[antlr-interest] To Ter and others: Observations on performance problems and how Antlr could be made faster

Sun Mar 27 13:47:03 PST 2005

I have been looking briefly at the source-code for
Antlr with an eye towards general implementation
performance issues (looking at java coding issues only
- not algorithms). I have made some observations that
I hope the Antlr implementers will think about.

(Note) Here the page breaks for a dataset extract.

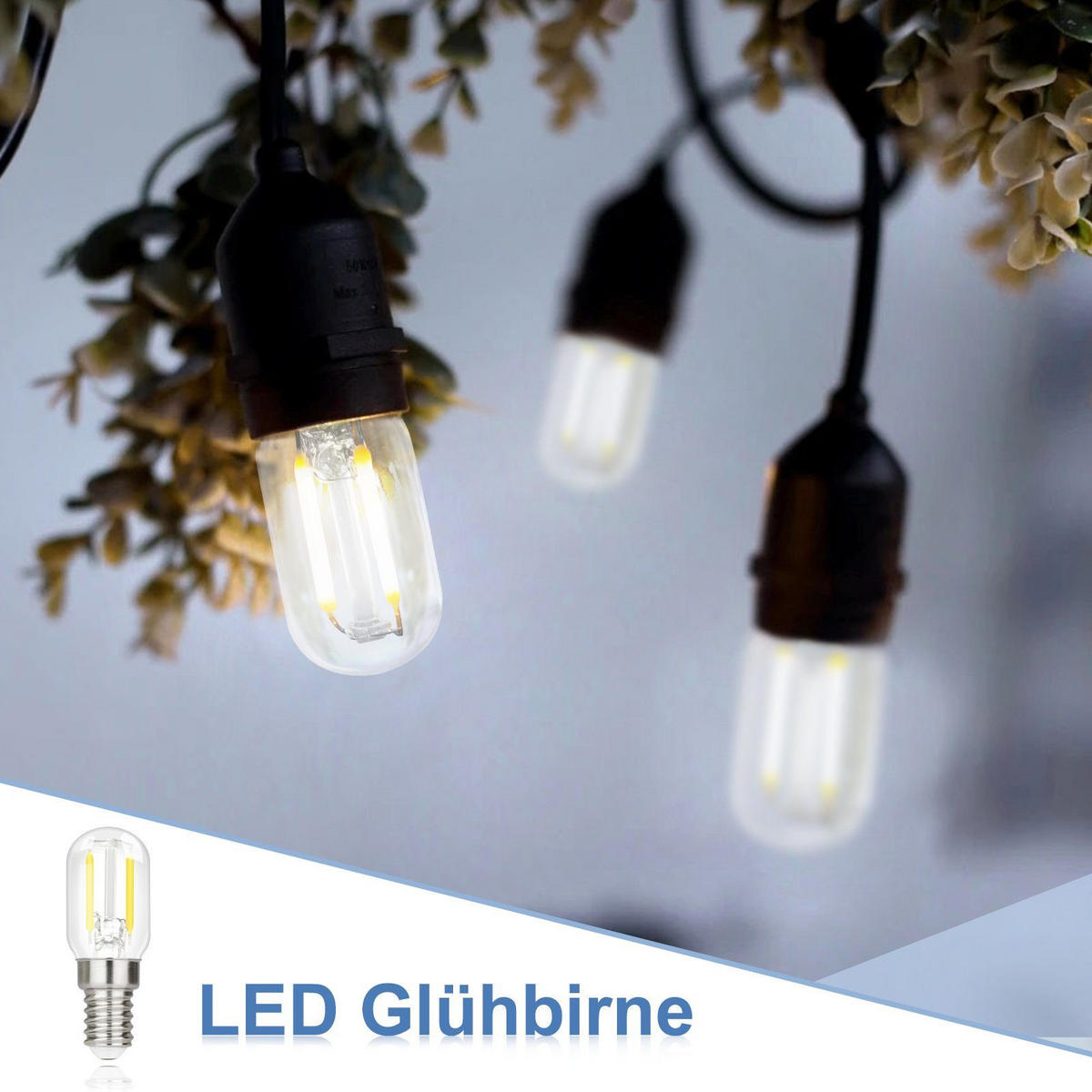 LED-LEUCHTMITTEL Aschaffenburg II 6.4/2.2/2.2cm(2er-set) - Transparent, Glas (2.2/2.2cm) - Nettlife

1) Some possible uses of Antlr are not compilers but
interactive applications. High performance
applications may need to parse distinct texts a LOT(!)
of times (for instance the query parser for a search
engine). For such applications concurrency and reuse
of objects can be very important. Currently, ANTLR
parsers are not multi-thread safe and object reuse is
hard to do (not explicitly supported). Generation of
reusable MT-safe parsers/lexers would be a great
(optional) feature.

2) Some classes like antlr.Parser and
antlr.CharScanner use inefficient legacy java classes
like tokenTypeToASTClassMap’s HashTable) instead of
HashMap (unnecessary synchronization for a
parser/scanner that is not thread-safe anyway). 

3) The current API is targeted for large files but
does not allow for efficient parsing of small strings
like “x AND NOT (y AND z OR w)” compared to a
hand-written parser. Antlr should generate a lexer
with a constructor that accepts a string (or even
better a CharSequence) so that the overhead of a
StringReader can be avoided for such cases.

3) Antlr should try to limit the number of Strings
that it generates or forces the antlr-user to generate
because of API limitations. In that relation, for JDK
1.4+, CharSequence can sometimes used as a very fast
String replacement. (BTW: I did not find any uses of
StringBuffer but for JDK 1.5+ it should be replaced
with StringBuilder).

Sincerely,
Morten Christensen